» Aim of the task
Nothing but the records themselves, exactly as written, should appear in the reply; leave out the pictures.

[Captioned web image data]
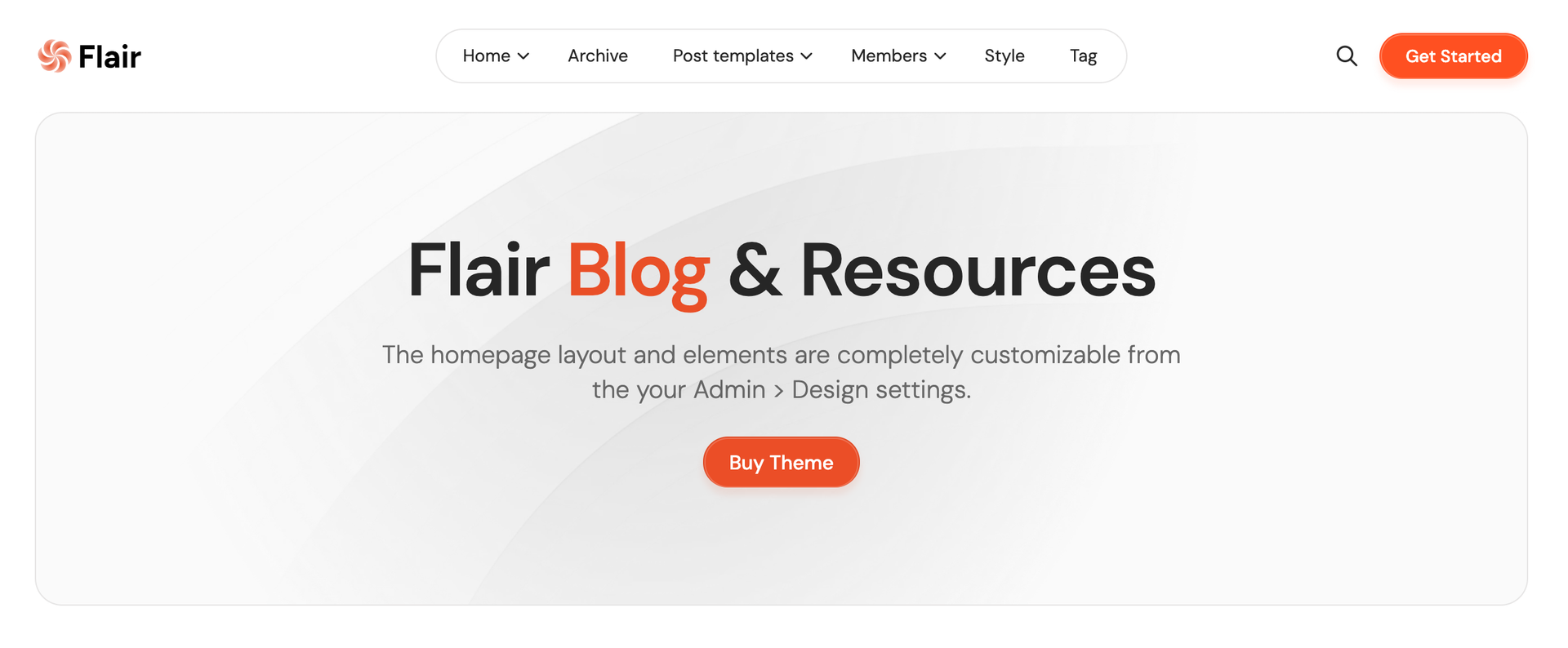 Flair — header & hero CTA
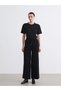 Wide Leg Women's Trousers with Elastic Waist (S6)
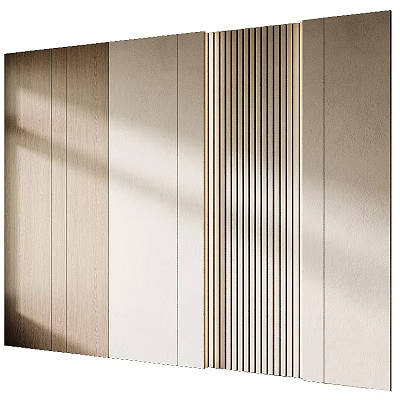 Modern Luxury Interior Wall With Light Wooden Texture And Vertical Stripes Design 3d model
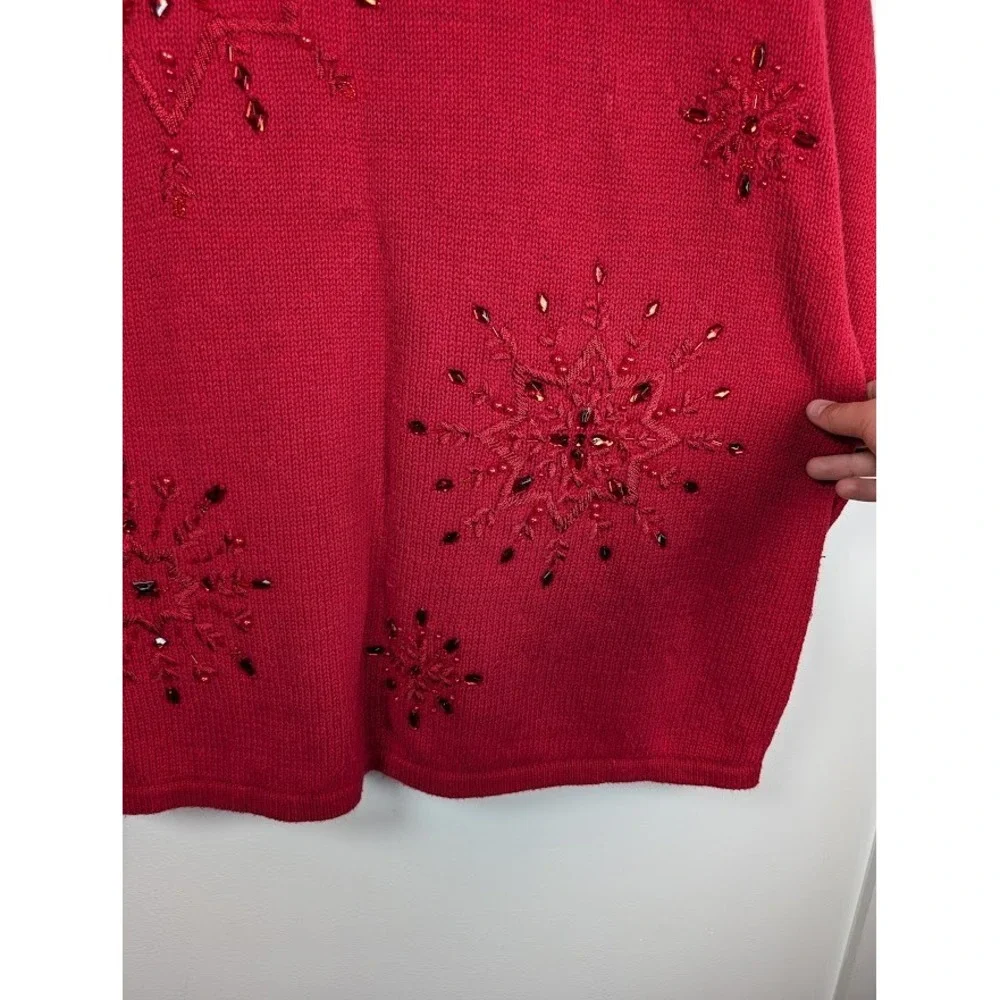 Holiday Christmas Sweater Size 20W 2X Embroidered Beaded Winter Snowflakes Knit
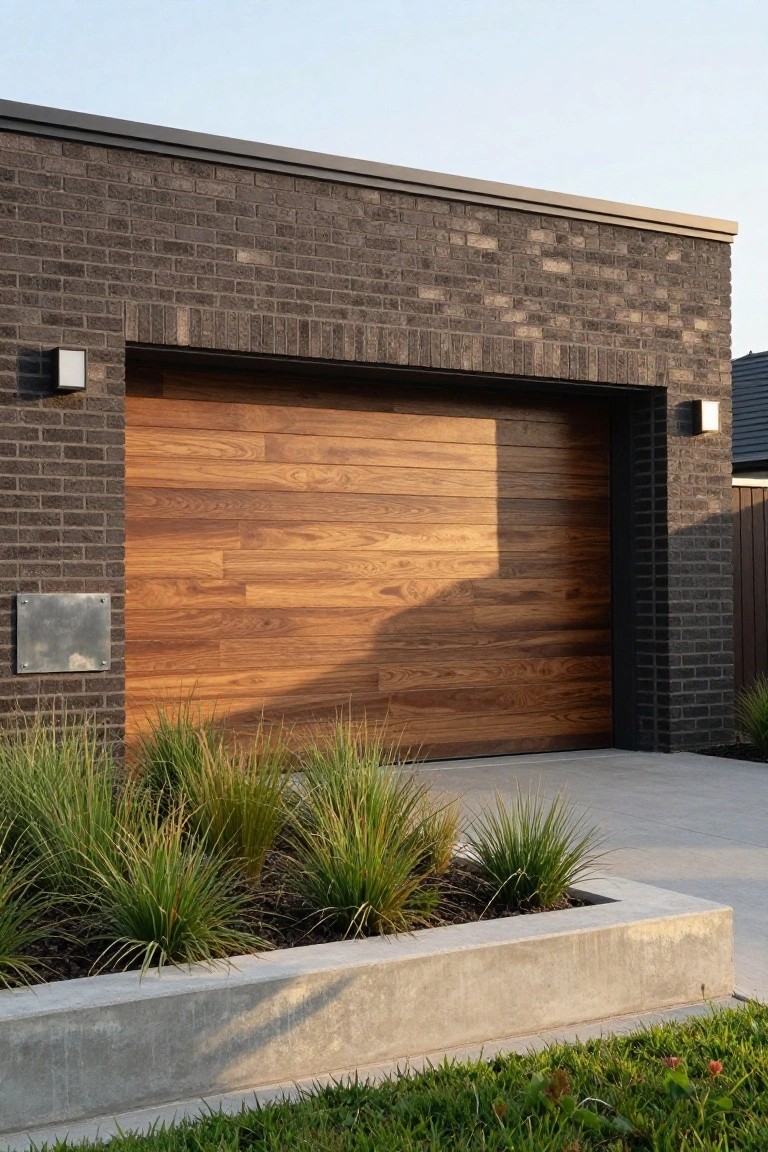 A modern house exterior with a dark brick facade and a large horizontal wood panel garage door, flanked by two wall sconces and a concrete planter with ornamental grass in front.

» Exercise answer
 Flair — header & hero CTA
 Wide Leg Women's Trousers with Elastic Waist (S6)
 Modern Luxury Interior Wall With Light Wooden Texture And Vertical Stripes Design 3d model
 Holiday Christmas Sweater Size 20W 2X Embroidered Beaded Winter Snowflakes Knit
 A modern house exterior with a dark brick facade and a large horizontal wood panel garage door, flanked by two wall sconces and a concrete planter with ornamental grass in front.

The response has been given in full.